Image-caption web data

====

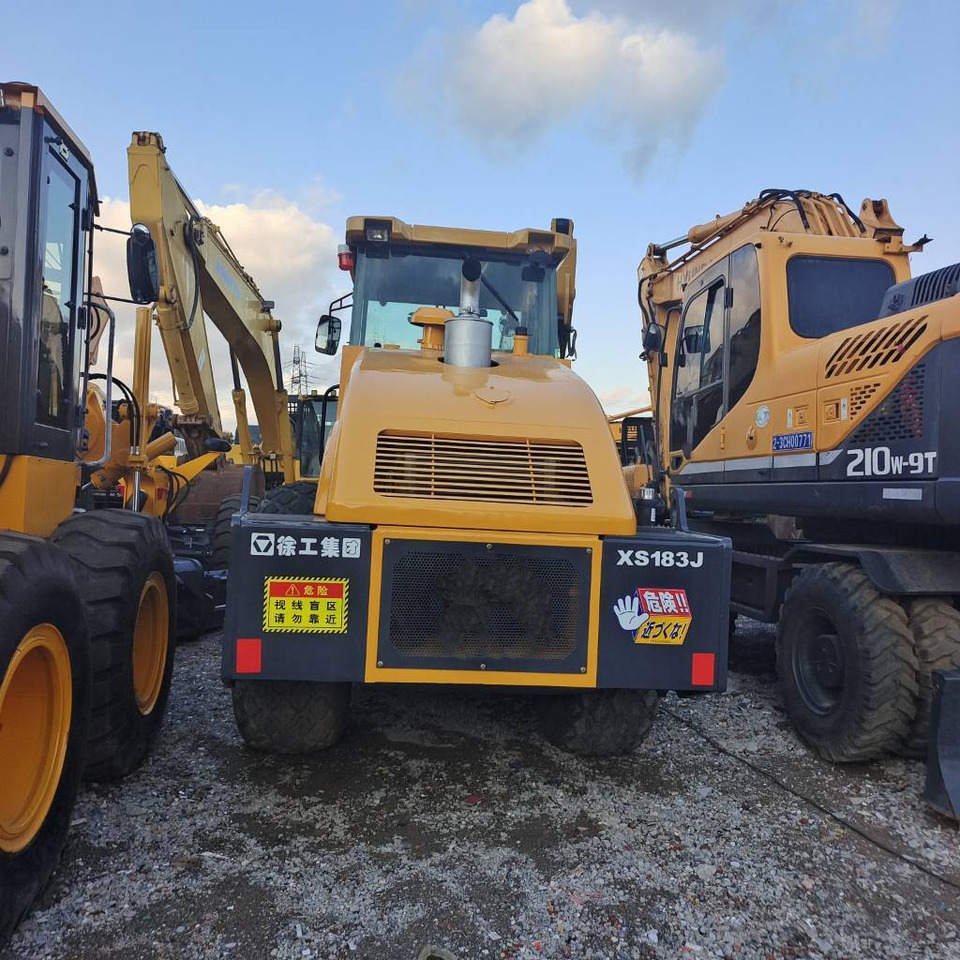 XCMG XS 183 J - Compactor: picture 3 XCMG XS 183 J - Compactor: picture 3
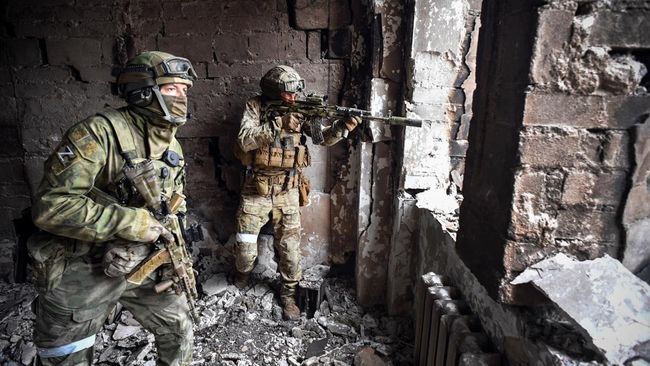 Rusia menyebut ada puluhan tentara Ukraina yang menyerahkan diri dibawa ke rumah sakit lantaran terluka parah.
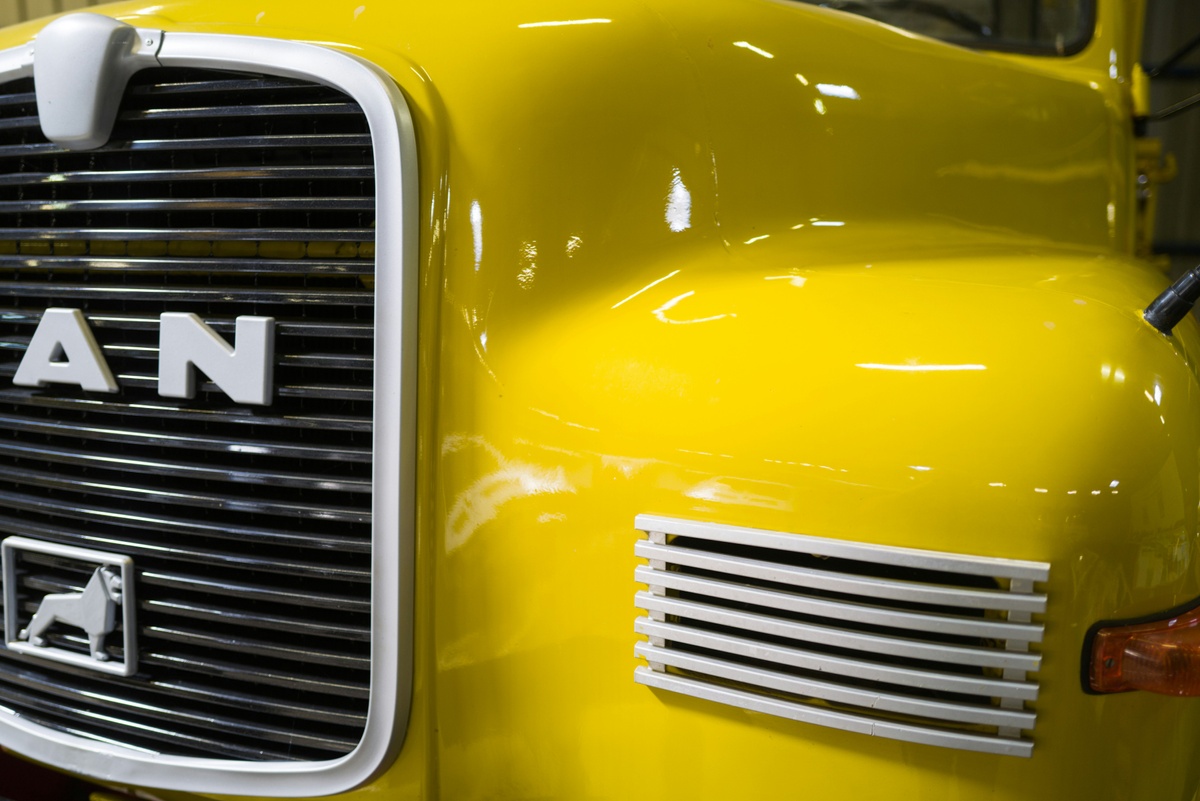 Semi Truck Insurance That Keeps Your Business Moving – Hawk’s Bay Insurance Group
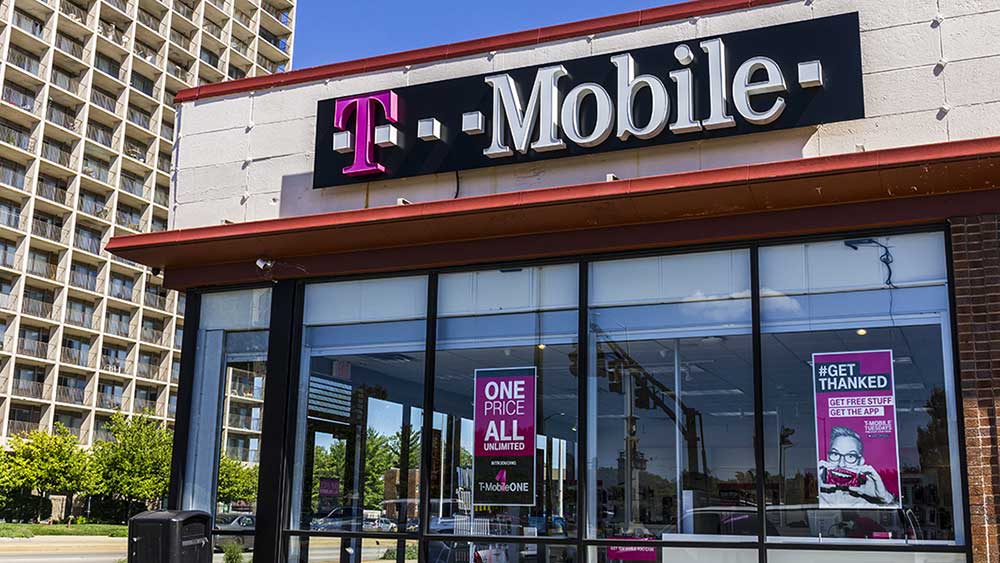 T-Mobile Earnings Miss, Revenue Tops Amid Stellar Wireless Subscriber Growth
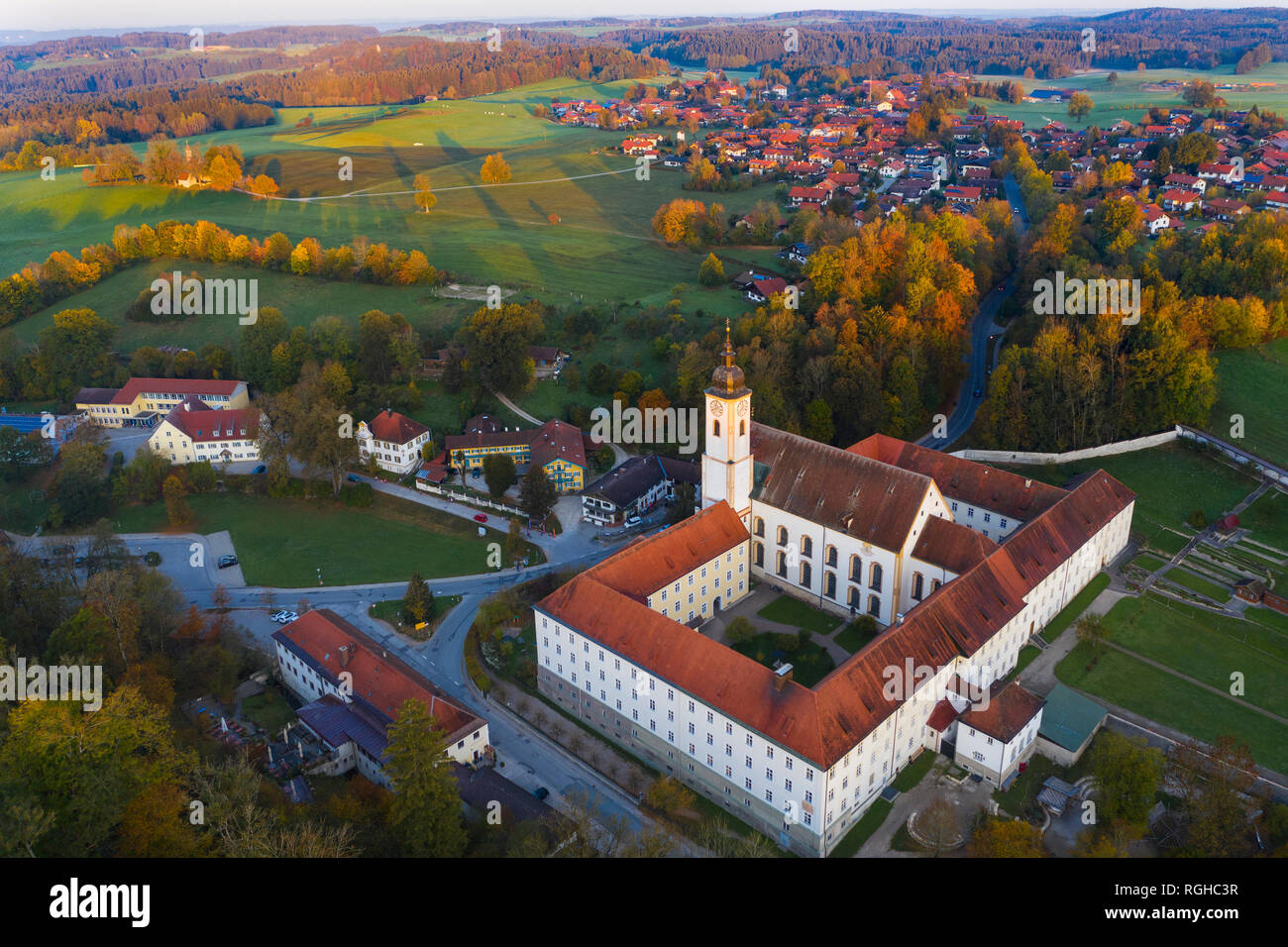 Allemagne, Berlin, Dietramszell, vue aérienne d'un monastère, le monastère de Sœurs Salésiennes Banque D'Images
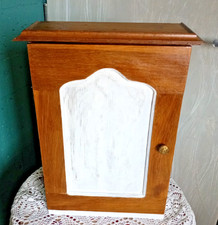 Petite armoire murale en bois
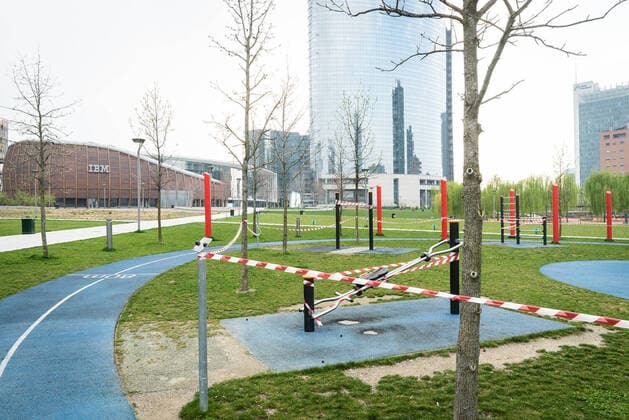 Milan park library of desert trees. Games and public spaces cordoned off (Stefano De Grandis Fotogramma, Milan - 2020-03-20) p.s. la foto e utilizzabile nel rispetto del contesto in cui e stata scattata, e senza intento diffamatorio del decoro delle persone rappresentate  Copyright: xStefanoxDexGrandisx xFOTOGRAMMAx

====

What to work on
Copy each line above exactly. Images do not belong in the copy.

Solution to the exercise
 XCMG XS 183 J - Compactor: picture 3 XCMG XS 183 J - Compactor: picture 3
 Rusia menyebut ada puluhan tentara Ukraina yang menyerahkan diri dibawa ke rumah sakit lantaran terluka parah.
 Semi Truck Insurance That Keeps Your Business Moving – Hawk’s Bay Insurance Group
 T-Mobile Earnings Miss, Revenue Tops Amid Stellar Wireless Subscriber Growth
 Allemagne, Berlin, Dietramszell, vue aérienne d'un monastère, le monastère de Sœurs Salésiennes Banque D'Images
 Petite armoire murale en bois
 Milan park library of desert trees. Games and public spaces cordoned off (Stefano De Grandis Fotogramma, Milan - 2020-03-20) p.s. la foto e utilizzabile nel rispetto del contesto in cui e stata scattata, e senza intento diffamatorio del decoro delle persone rappresentate  Copyright: xStefanoxDexGrandisx xFOTOGRAMMAx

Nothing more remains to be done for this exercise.